Dans son discours, le diplomate angolais a souligné que le changement climatique constitue un défi direct au développement et à la stabilité, avec des impacts visibles sur la sécheresse, la pénurie d'eau et la vulnérabilité de la population, notamment dans le sud du pays.

Ces facteurs, a-t-il ajouté, aggravent les faiblesses existantes et peuvent intensifier les risques d'instabilité.

Il a souligné la nécessité de réponses intégrées et préventives, alignées sur les priorités de développement de l'Afrique, mettant en avant les investissements dans les énergies renouvelables, l'accès à l'eau et une agriculture résiliente, y compris le projet du canal de Cafu comme exemple concret d'impact sur le terrain.
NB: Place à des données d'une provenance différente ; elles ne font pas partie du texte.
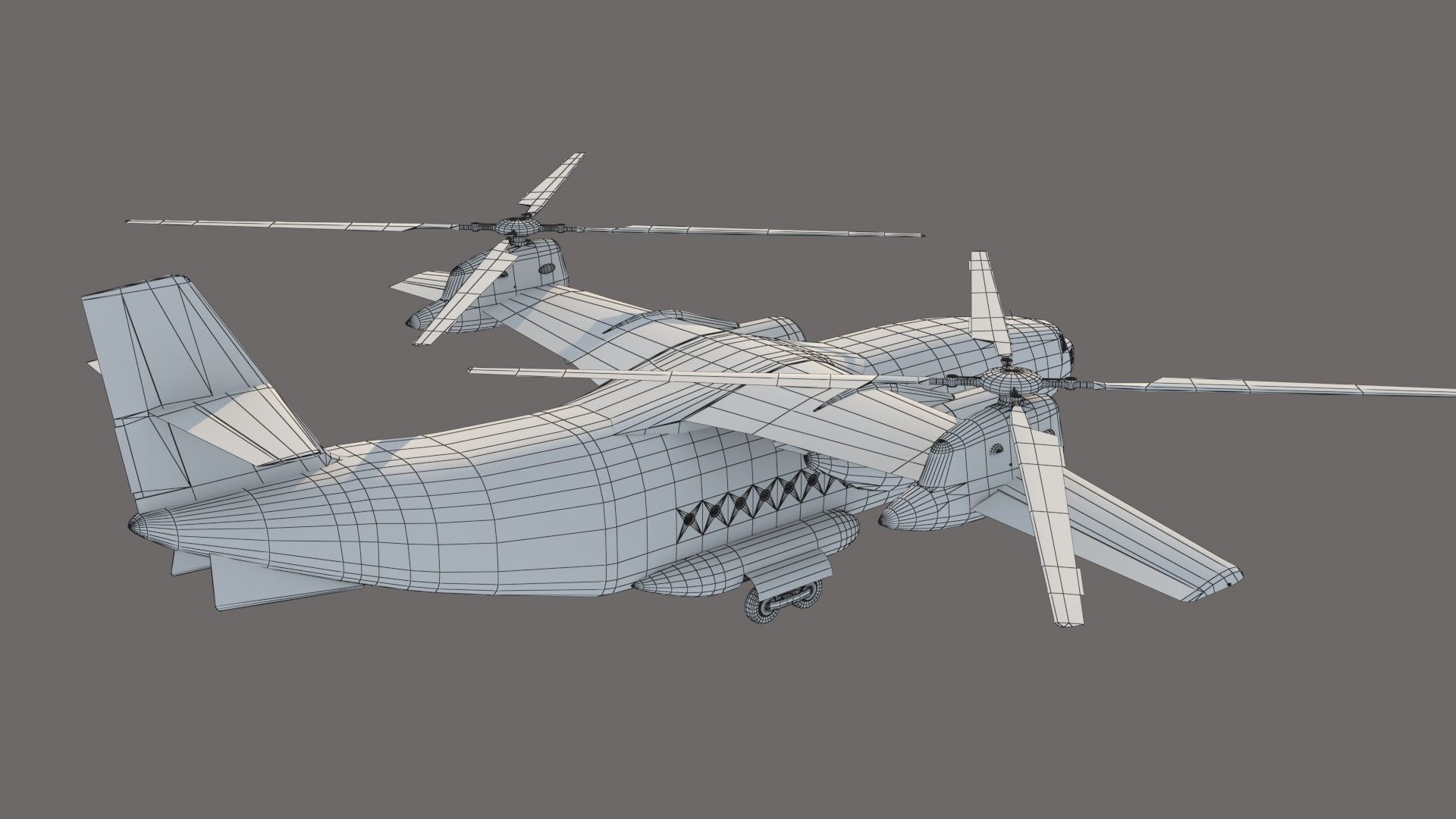 Kamov Ka-35 concept helicopter  3D model_16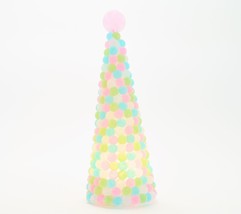 Illuminated 12&quot; Gumdrop Tree with Peppermint Top by Valerie in Pastel - £65.38 GBP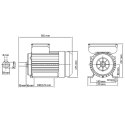 VidaXL Silnik elektryczny, 1-fazowy, aluminiowy, 2,2kW/3KM, 2800 rpm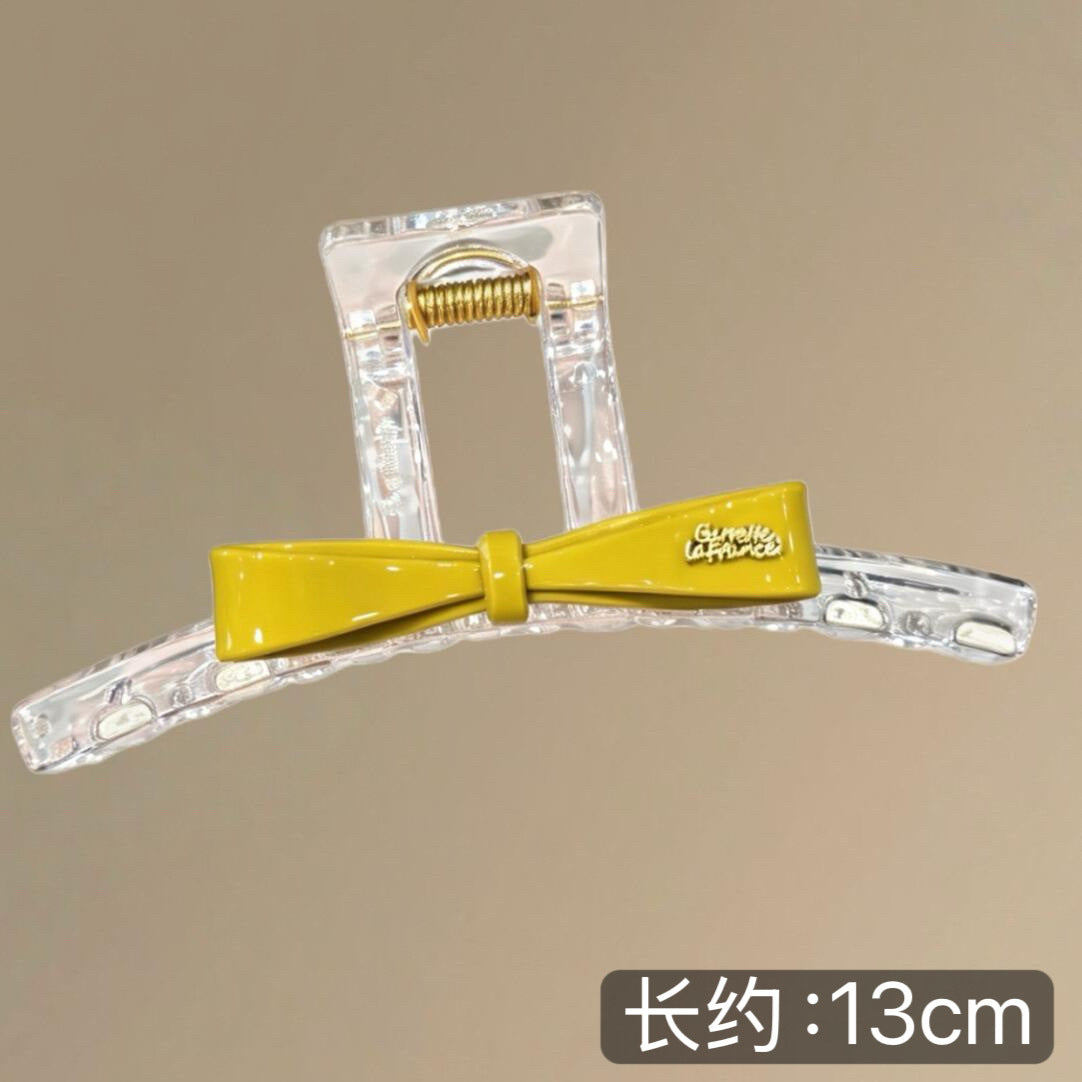 C廠【X415】超仙蝴蝶結髮夾後腦勺大抓夾女2026新款高級感鯊魚夾子簡約髮飾
 26.06-1「C廠-單筆結帳需滿，NT$500出貨(不含運費)」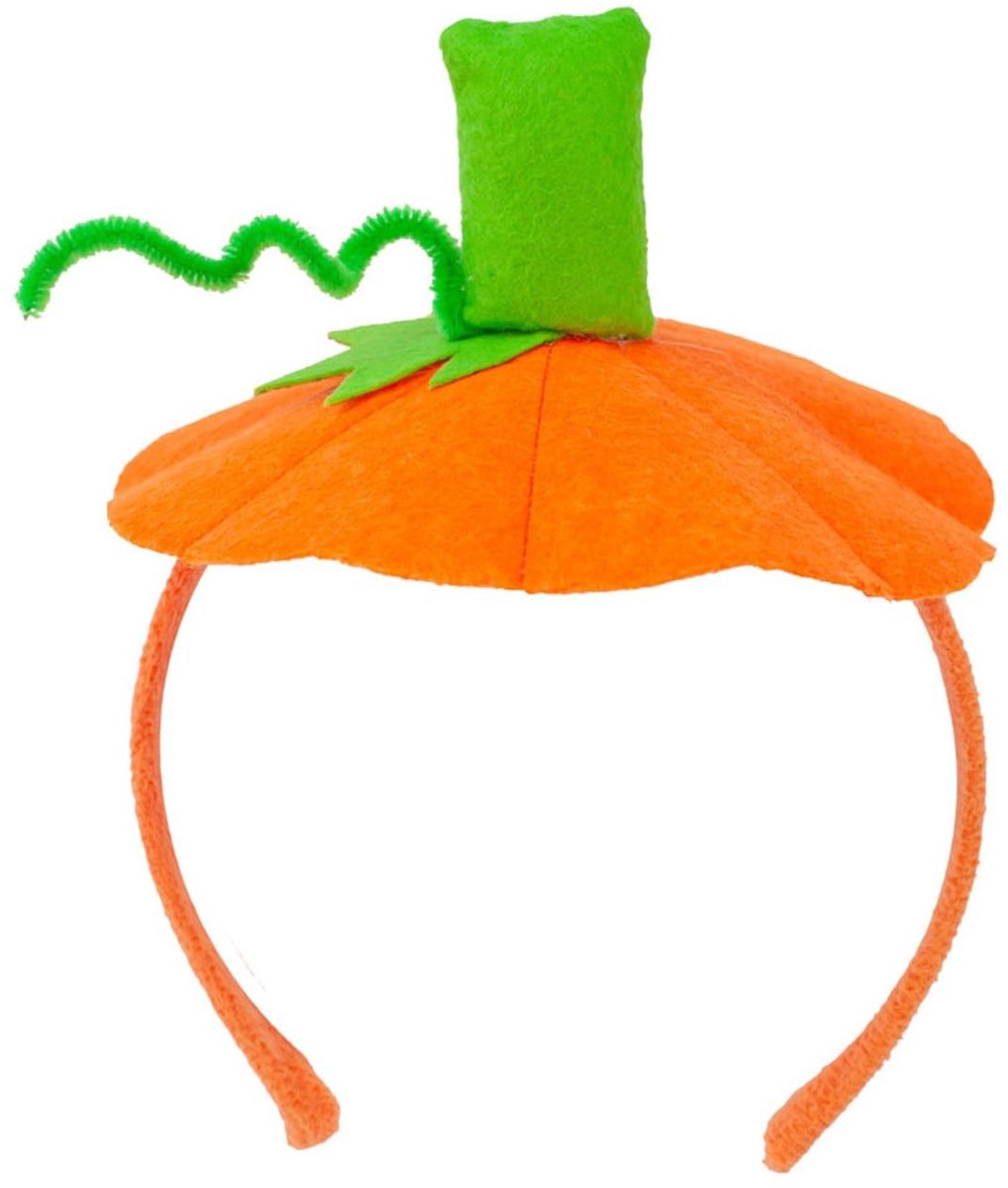 Dailygoods- Hoofdband Pompoen Ontwerp - Halloween Hoofdband - Haaraccessoire - Comfortabel - Zacht - Ademend Materiaal - Feestelijke Haaraccessoire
Il a également évoqué le rôle des organisations régionales africaines dans l'intégration des risques climatiques dans les mécanismes de prévention des conflits, ainsi que l'importance de renforcer le lien entre l'humanitaire, le développement et la paix et la coopération entre les Nations Unies et l'Union africaine.

Il a appelé au renforcement d'un financement climatique prévisible et abordable pour l'Afrique et à la mise en œuvre de la résolution 2719 du Conseil de sécurité, en tant qu'élément essentiel pour soutenir les réponses africaines aux défis complexes en matière de paix et de sécurité.

L'ambassadeur a réaffirmé l'engagement de l'Angola en faveur des solutions africaines et d'une action multilatérale efficace face aux défis interconnectés du climat, de la paix et de la sécurité.